Exercise prompt: Could you transcribe the entries below exactly, starting at the line that contains "Miniatura 6 de" and stopping at the last line, without any pictures?

--- Provided information ---

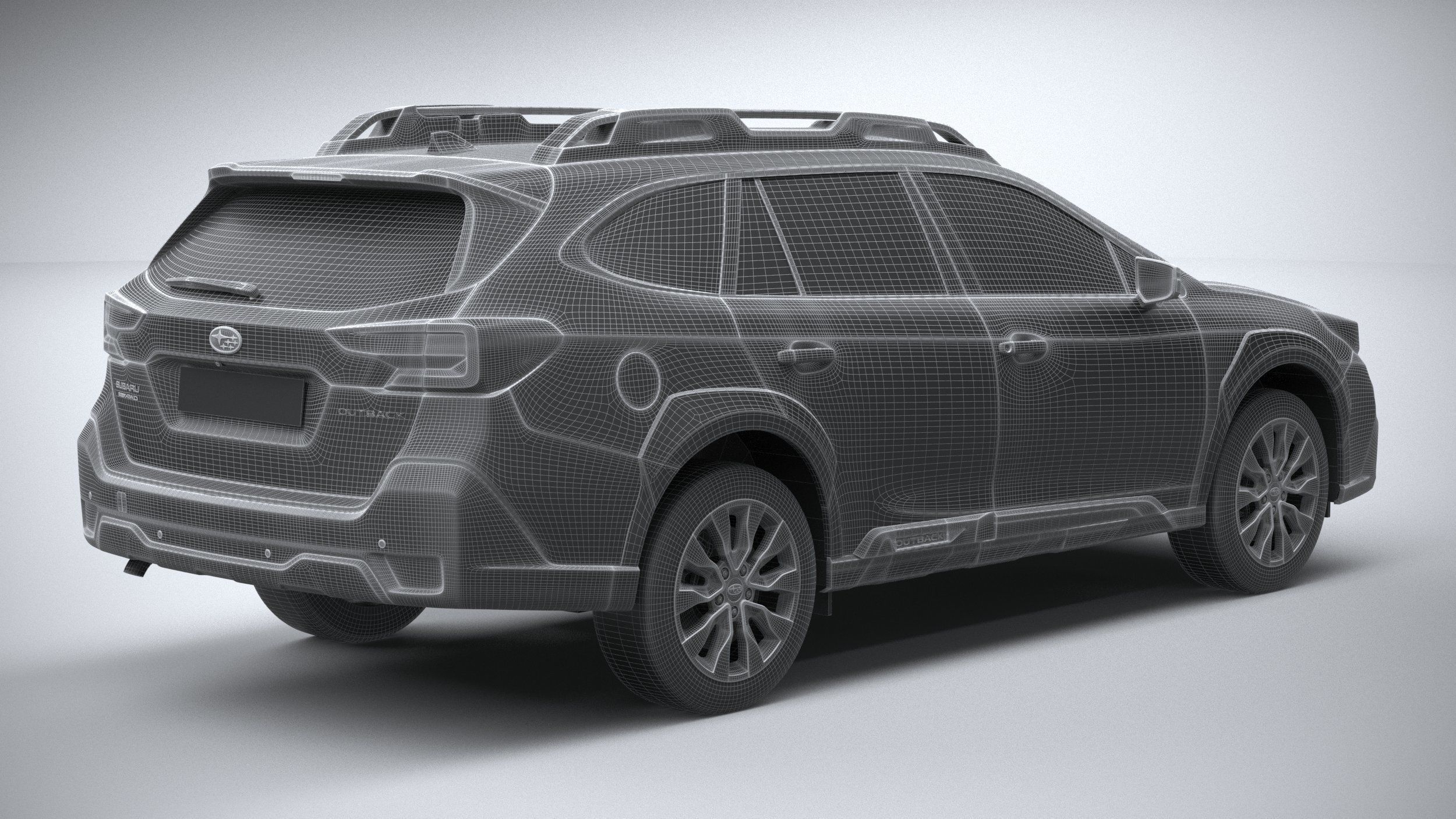 Subaru Outback Active 2024 3D model_27
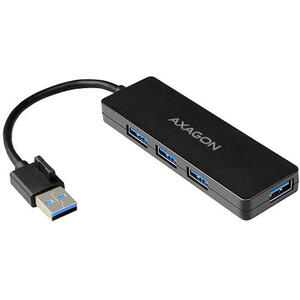 Hub AXAGON HUE-G1A, 4x USB3.2 Gen 1, hub Subtire, cablu de 14 cm USB Tip A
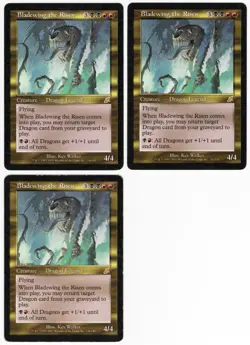 Bladewing the Risen x3 3x 2003 Scourge Multi-Color Legendary Creature MTG LP AZ3 - Image 1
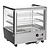 Buffalo Nablatowa witryna grzewcza 120L, 30 do 90°C, 1.1kW, z prostą szybą Buffalo HW923, 568x678x(h)686 mm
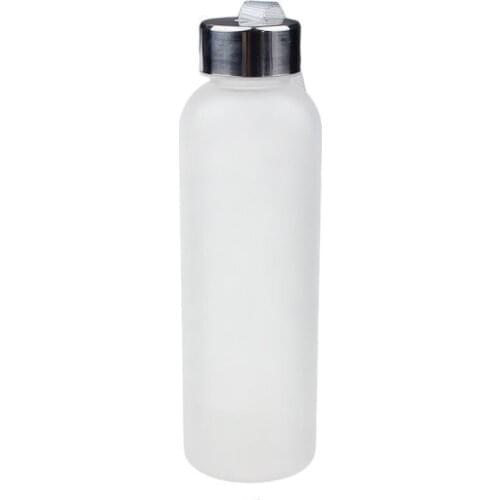 600ML Water Bottle Portable Sport Bike Camping Cycling Travel Plastic Juice Frosted Soda Bottle Drinkware Outdoor Water#YL5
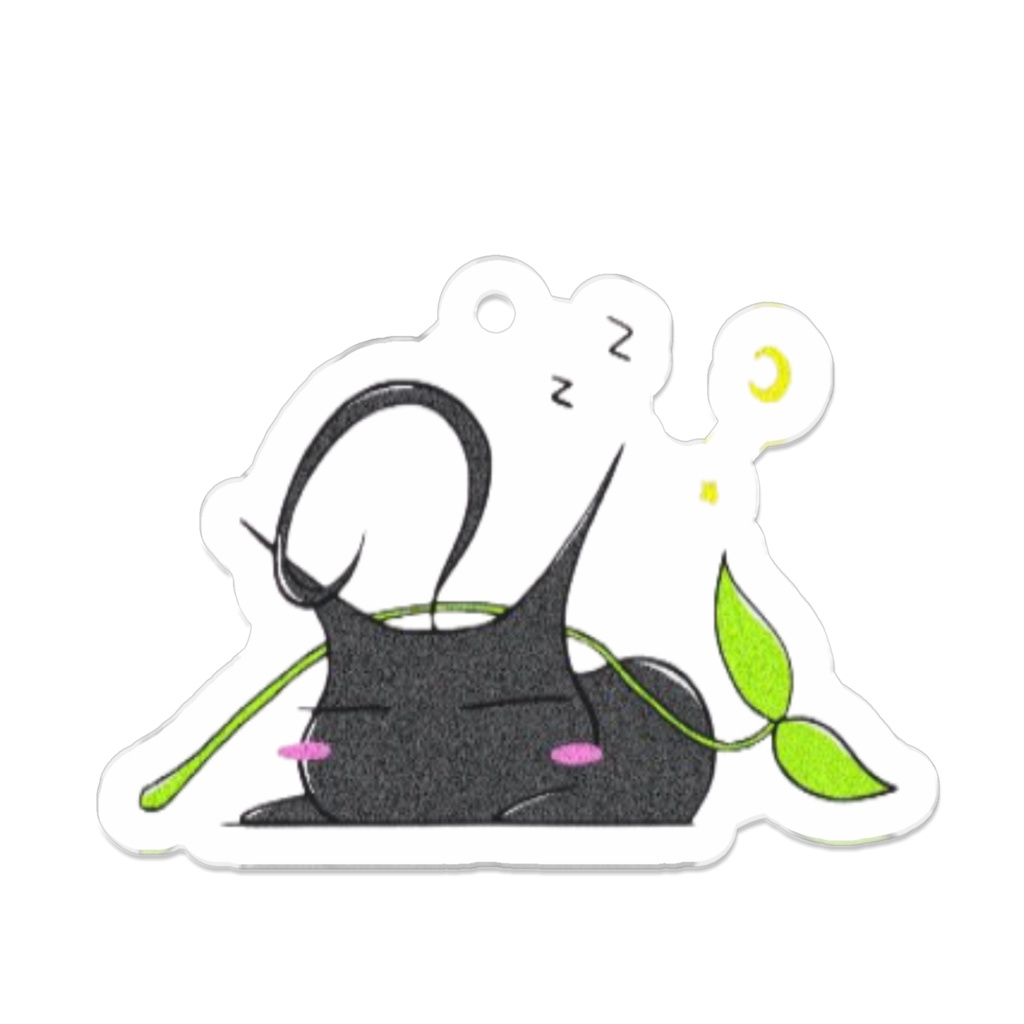 おやすみ葉ぬこキーホルダー💤
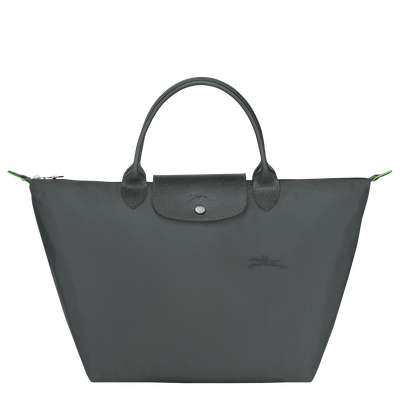Le Pliage Green M Handbag , Graphite - Recycled canvas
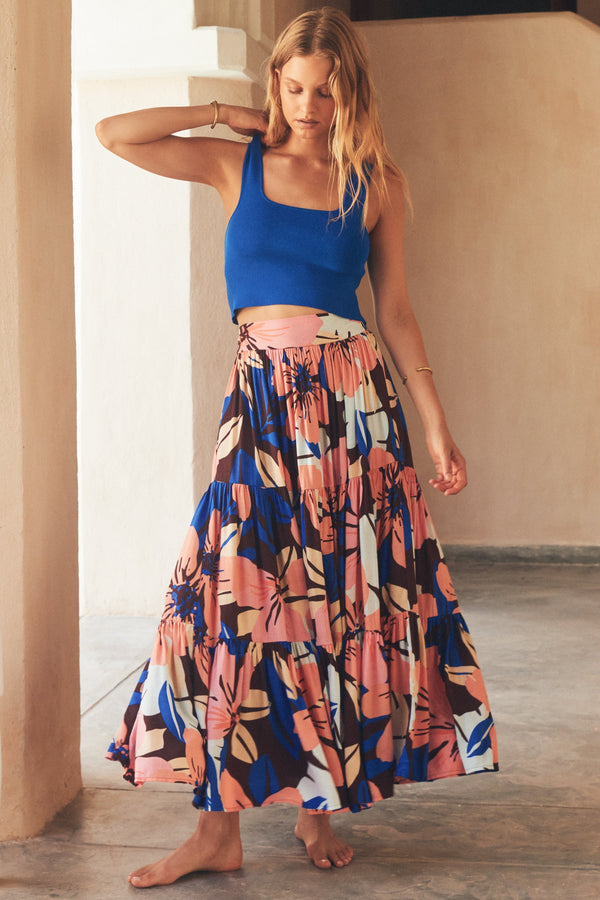 Lila Maxi Skirt In Zahra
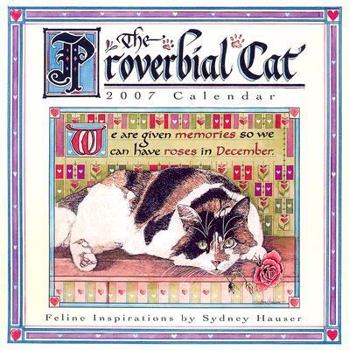 Calendar Proverbial Cat, 2007 Mini Calendar Book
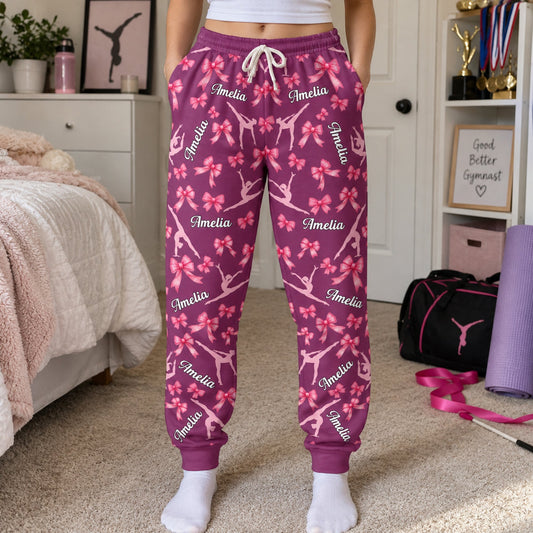 Coquette_Bow_Gymnastics_Custom_Name_Gift_Gymnastics_Girls_Gymnast_Personalized_Lounge_Pants_1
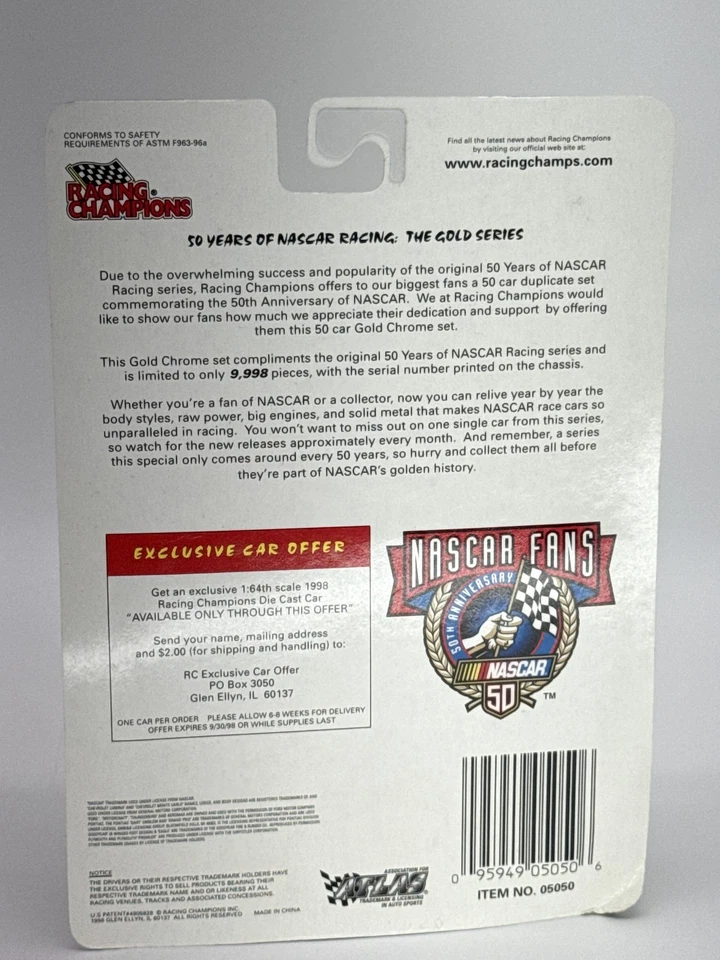 Racing Champions NASCAR 50th Anniversary 1954 Gold Diecast Car Issue #6 — 第 2/4 张图片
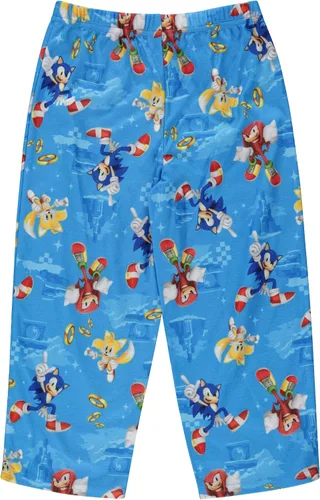 Miniatura 6 de Sonic The Hedgehog Conjunto de pijama para niño, 2 piezas, abrigo de franela para niños, pijamas a juego con botones, pijamas familiares de Navidad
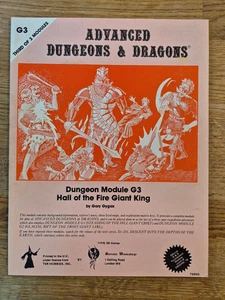 Advanced D&D Dungeon Module G3 Hall of the Fire Giant King Faerie UK Print - Bild 1 von 3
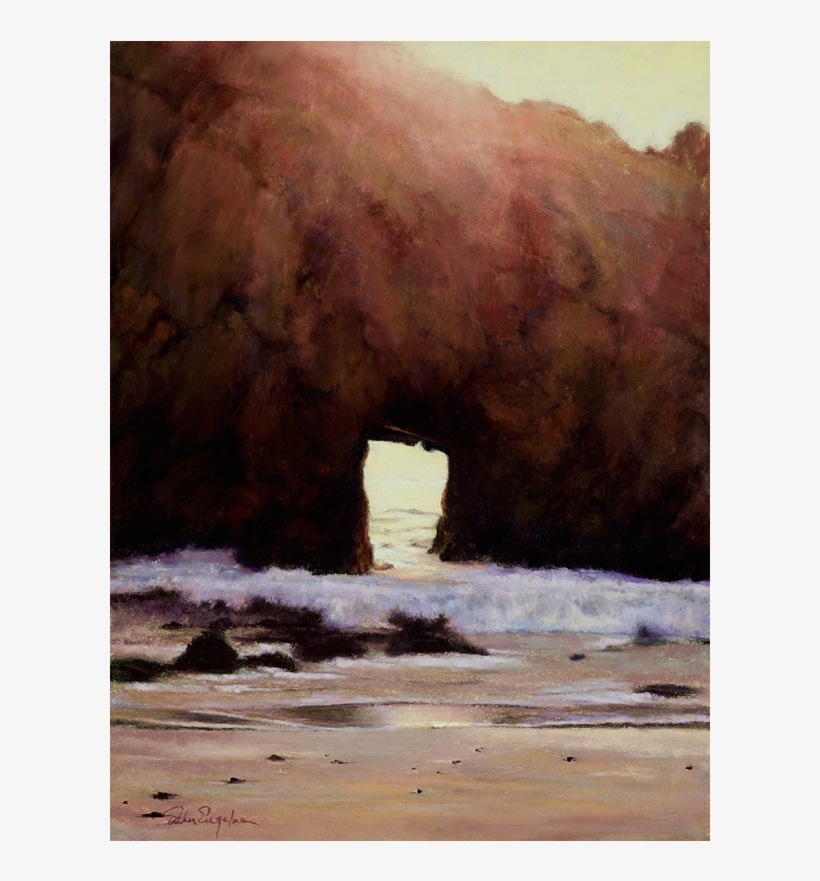 Waterscapes Esther Engelman Artist The Key Hole - Natural Arch, transparent png #8432964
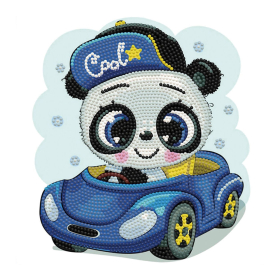 Diamond Painting Panda Auto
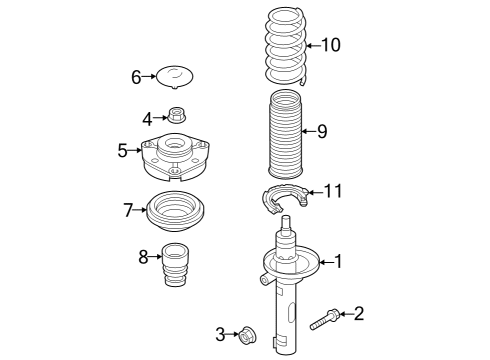 2024 Audi Q4 e-tron Struts & Components - Front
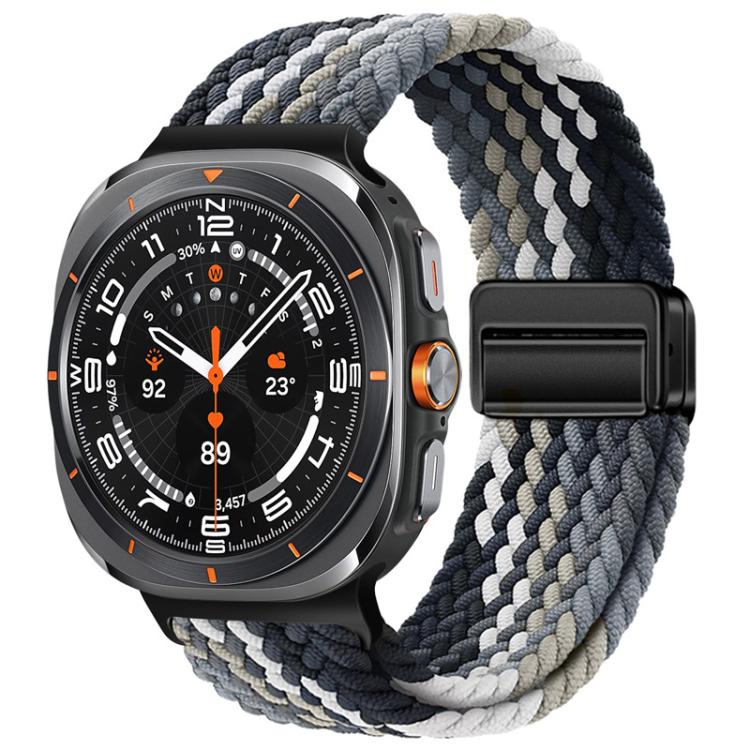 Bracelet de montre xDfind à boucle magnétique en nylon tressé, For Galaxy Watch Ultra2 2026 / 2025 / 1 2024, For Galaxy Watch9 / 8 / 8 Classic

---

Answer section:
 Miniatura 6 de Sonic The Hedgehog Conjunto de pijama para niño, 2 piezas, abrigo de franela para niños, pijamas a juego con botones, pijamas familiares de Navidad
 Advanced D&D Dungeon Module G3 Hall of the Fire Giant King Faerie UK Print - Bild 1 von 3
 Waterscapes Esther Engelman Artist The Key Hole - Natural Arch, transparent png #8432964
 Diamond Painting Panda Auto
 2024 Audi Q4 e-tron Struts & Components - Front
 Bracelet de montre xDfind à boucle magnétique en nylon tressé, For Galaxy Watch Ultra2 2026 / 2025 / 1 2024, For Galaxy Watch9 / 8 / 8 Classic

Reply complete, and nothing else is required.